UPDATE: Ahead of Cassie Sainsbury's family's interview scheduled to air this weekend, a preview has been released in which Cassie's fiancé describes how she was "lured" to Colombia by other Australians.
Cassie is currently being held in a Colombian prison following being found with 5.8kg of cocaine in her suitcase, which she says was planted there without her knowledge. Her partner, Scott Broadbridge, is basically contradicting her story of being completely in the dark about the drugs, saying to Channel Seven’s Sunday Night program that he was "surprised" to learn she was flying to Colombia and that he saw mystery "payments" deposited into her account.
"You saw the payments from them?" host Denham Hitchcock asked, to which Scott replied, "Yes."
Cassie will also speak on the show about the moment she was busted in the airport.
ORIGINAL: The mother and sister of accused drug smuggler Cassie Sainsbury are reported to have secured a tell-all TV deal about the South Australian’s arrest and incarceration in Columbia.

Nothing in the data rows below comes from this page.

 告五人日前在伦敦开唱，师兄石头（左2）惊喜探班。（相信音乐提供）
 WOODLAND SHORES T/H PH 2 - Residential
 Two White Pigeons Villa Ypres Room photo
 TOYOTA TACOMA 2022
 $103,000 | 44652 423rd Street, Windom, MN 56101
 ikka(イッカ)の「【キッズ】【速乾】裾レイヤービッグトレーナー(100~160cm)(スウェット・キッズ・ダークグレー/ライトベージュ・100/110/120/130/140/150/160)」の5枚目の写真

If you find yourself feeling a reflexive unease with this scenario, you’re not alone. It raises a number of legal and ethical issues. And then there’s the very real possibility that anything the family says may worsen Cassie’s predicament. It’s against the law in Australia for a criminal to profit from her crimes. Of course, at this time Cassie isn’t a criminal – she’s merely accused – but if she ends up being convicted of trafficking the alleged 5.8kg of cocaine found in her luggage as she attempted to board a flight from Bogota to London, then she will be a criminal. It’s not technically illegal for her family to pocket the cash pre-conviction – but it’s playing pretty fast and loose with the law.
But most of all, there’s simply too much opportunity for this naïve family to make things worse for Cassie. Lisa and Khala Evans, as well as Sainsbury’s fiancé, Scott Broadbridge, have already raised questions about case by giving conflicting accounts of the reason the Adelaide woman was in Colombia at all – Lisa claimed she was on a work trip with her personal training business, before Scott bungled that alibi by claiming she hadn’t worked for the business for some time. Do they really think opening their mouths again is going to help?
Columbian lawmakers may also see the media interest in the case as an opportunity to make an example of the young South Australian. If the world is watching – specifically via their TV sets on a Sunday night – the Colombian courts are unlikely to be interested in applying lenience. Rather, as Indonesian authorities may have done with another Australian drug-accused, Schapelle Corby, they may choose to capitalise on the South Australian’s visibility as a warning to others, and apply the full force of the law. In Cassie’s case, that means up to 15 years jail.
We’ve entered a strange new world where Australians who get in trouble overseas see the media as a significant player in the way their cases proceed. We saw it with Schapelle Corby, with no evidence it assisted her in any way. We saw it again with Sally Faulkner, the Australian mother whose children were kidnapped by their Lebanese father – that case ended catastrophically, with a number of arrests and Sally losing all contact with her kids. It’s easy to see how a smooth-talking TV producer could convince a desperate family that they can step in and present a loved one’s plight in a way that will tug at the heartstrings and help her case. The cash offer must certainly sweeten the deal. But the potential risks are astonishing.
Cassie’s family would do better to stay quiet, work every legal angle they can and pray with everything they’ve got.